L'élection eut lieu le 4 mai 1924. Au troisième tour, après une lutte des plus serrées, Henry Dauthy l'emportait par 310 voix, contre 295 à son plus redoutable adversaire, Salmont, sur 616 votants, succès qu'il retrouvera, à moindre peine, au renouvellement du 16 octobre 1932, au deuxième tour de scrutin, par 317 voix, sur 614 votants.
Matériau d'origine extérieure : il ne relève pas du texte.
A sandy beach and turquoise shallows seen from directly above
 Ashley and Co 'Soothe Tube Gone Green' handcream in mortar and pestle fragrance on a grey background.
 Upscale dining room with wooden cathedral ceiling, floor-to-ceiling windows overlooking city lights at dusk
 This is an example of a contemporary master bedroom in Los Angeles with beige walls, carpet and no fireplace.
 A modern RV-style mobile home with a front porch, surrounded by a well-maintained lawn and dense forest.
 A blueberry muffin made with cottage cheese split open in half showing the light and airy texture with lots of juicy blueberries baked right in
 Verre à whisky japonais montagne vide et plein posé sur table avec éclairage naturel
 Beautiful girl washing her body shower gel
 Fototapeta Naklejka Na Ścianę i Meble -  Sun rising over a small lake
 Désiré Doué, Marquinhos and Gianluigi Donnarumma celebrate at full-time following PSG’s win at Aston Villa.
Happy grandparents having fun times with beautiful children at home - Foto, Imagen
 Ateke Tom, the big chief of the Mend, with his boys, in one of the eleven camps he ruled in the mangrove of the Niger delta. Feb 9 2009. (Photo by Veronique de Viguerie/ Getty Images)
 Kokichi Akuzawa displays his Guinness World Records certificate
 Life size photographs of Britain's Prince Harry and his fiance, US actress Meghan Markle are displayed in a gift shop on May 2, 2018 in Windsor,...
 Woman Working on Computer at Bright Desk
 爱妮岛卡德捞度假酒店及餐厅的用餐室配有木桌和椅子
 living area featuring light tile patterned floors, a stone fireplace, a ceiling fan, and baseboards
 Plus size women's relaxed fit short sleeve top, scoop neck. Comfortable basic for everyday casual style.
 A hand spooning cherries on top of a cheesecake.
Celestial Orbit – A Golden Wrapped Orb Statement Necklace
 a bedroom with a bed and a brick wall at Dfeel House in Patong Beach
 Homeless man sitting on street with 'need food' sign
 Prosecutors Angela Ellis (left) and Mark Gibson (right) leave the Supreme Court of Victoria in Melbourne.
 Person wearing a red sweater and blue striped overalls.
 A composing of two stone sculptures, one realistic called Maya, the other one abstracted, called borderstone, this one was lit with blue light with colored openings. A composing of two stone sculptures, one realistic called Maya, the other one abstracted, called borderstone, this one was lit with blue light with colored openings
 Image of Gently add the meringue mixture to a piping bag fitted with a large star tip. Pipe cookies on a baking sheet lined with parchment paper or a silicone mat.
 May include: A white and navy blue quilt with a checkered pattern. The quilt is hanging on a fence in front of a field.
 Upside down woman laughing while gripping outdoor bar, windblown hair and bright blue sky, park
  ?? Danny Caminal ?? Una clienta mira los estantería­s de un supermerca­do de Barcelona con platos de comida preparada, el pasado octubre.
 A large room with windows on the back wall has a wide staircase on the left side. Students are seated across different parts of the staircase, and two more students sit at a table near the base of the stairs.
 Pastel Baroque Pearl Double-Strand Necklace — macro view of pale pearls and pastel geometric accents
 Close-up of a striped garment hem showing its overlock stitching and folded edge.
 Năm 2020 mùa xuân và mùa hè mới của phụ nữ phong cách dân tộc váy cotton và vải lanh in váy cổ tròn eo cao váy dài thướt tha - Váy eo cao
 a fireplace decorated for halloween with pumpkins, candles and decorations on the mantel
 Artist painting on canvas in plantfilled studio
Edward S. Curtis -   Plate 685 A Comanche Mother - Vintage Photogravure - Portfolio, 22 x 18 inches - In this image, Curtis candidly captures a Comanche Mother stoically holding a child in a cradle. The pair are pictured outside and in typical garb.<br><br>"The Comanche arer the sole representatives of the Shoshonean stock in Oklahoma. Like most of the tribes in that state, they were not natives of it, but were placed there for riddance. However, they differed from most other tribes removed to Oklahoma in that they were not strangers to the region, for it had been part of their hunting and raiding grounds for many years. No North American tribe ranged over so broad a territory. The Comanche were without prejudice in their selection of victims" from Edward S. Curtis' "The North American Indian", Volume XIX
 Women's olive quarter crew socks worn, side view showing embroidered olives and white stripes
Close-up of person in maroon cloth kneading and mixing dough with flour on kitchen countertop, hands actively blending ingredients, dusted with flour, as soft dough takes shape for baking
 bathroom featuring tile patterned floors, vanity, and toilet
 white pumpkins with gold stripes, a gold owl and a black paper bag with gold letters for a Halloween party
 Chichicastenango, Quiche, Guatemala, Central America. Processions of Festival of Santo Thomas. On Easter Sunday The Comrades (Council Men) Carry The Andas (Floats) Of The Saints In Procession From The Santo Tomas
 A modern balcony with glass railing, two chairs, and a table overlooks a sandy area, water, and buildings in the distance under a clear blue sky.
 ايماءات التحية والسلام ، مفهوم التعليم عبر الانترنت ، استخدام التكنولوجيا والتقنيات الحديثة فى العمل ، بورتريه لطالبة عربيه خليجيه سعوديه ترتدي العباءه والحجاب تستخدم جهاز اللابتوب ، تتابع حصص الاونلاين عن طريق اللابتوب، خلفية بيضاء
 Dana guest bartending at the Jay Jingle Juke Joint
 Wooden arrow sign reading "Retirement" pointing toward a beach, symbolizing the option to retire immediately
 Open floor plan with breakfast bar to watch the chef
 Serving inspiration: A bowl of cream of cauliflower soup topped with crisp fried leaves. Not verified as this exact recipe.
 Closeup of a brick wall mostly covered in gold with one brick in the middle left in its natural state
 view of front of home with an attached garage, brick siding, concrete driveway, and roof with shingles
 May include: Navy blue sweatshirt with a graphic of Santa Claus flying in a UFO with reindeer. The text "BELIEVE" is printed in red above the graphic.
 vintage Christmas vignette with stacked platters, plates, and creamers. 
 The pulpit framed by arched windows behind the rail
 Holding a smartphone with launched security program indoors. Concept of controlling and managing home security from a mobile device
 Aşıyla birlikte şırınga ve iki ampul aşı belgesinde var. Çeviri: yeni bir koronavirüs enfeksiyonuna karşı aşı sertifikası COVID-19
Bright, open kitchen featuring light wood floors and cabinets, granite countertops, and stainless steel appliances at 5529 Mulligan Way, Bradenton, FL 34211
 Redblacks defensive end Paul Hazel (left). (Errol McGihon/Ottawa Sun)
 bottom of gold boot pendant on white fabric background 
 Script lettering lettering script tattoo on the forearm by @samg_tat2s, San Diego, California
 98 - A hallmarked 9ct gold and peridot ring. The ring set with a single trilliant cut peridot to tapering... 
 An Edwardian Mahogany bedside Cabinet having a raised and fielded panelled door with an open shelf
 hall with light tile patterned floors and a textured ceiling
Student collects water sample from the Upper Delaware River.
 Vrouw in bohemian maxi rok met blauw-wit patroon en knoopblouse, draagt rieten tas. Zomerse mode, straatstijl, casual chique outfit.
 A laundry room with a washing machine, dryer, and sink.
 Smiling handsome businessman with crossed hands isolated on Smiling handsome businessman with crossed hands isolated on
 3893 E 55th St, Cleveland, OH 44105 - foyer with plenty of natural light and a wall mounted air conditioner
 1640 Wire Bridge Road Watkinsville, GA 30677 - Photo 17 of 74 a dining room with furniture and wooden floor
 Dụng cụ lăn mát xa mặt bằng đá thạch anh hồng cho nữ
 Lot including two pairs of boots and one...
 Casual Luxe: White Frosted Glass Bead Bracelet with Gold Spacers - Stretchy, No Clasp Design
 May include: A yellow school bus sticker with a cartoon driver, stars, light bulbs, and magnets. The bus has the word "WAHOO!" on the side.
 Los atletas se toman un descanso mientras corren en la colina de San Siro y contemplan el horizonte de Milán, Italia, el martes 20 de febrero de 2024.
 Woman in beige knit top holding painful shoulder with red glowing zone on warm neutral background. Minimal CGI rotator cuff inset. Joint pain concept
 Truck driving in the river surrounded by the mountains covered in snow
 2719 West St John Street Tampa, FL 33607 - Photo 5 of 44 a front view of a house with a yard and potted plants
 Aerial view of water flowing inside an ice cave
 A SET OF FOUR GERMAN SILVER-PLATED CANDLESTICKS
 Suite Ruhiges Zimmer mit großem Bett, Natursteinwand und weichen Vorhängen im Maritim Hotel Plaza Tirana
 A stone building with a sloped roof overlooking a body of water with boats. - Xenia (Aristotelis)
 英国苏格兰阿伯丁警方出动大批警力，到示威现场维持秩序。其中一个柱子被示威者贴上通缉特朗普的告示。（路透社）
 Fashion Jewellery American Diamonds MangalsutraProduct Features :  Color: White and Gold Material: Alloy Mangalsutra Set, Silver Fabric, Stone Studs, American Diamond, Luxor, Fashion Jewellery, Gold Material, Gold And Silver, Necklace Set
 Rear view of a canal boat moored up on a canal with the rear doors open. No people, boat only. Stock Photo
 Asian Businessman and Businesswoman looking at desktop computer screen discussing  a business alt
Au Sénat, c'est au groupe de la Gauche démocratique que Dauthy s'inscrit. Nommé, dès son élection validée, membre de la Commission de la législation et de la Commission de l'hygiène, il ne cessera plus, jusqu'à sa mort, de faire partie et de l'une et de l'autre. Continuant de se pencher, avec un intérêt jamais démenti, sur les baux à ferme et la condition des métayers, il attache son nom à deux rapports dont le Sénat l'a c h a r g e, dont l'un regarde les incompatibilités parlementaires et l'autre le régime de la presse. Cependant, sur les loyers, sur les assurances sociale, sur l'artisanat, sur le bien de famille, il dit aussi son mot, et diverses réformes ne se font point, celle du régime des valeurs mobilières, celle des sociétés anonymes, celle de la pratique des actions à vote plural, qu'il ne tienne à jeter dans le débat le poids de son expérience.
Dès 1937, les premières manifestations du mal qui l'emportera commencent à le tenir éloigné du Palais du Luxembourg. Le 11 juin 1939, il s'éteint dans son appartement de la rue Mizon, derrière la gare Montparnasse. Il avait 73 ans.
A la séance du 13 juin, le Président Jeanneney prononça son éloge funèbre, ajoutant aux passages déjà cités : « C'est à la liberté, à la générosité, à la justice que, par prédilection, il faisait appel. Il a servi sans relâche ces idéaux. Comme il est juste, nous nous inclinons avec respect devant la tombe du collègue excellent, à l'âme probe, à l'amitié sûre, que nous perdons. Aux siens et à tous ceux qui le pleurent, j'adresse l'hommage de notre sympathie très profonde ».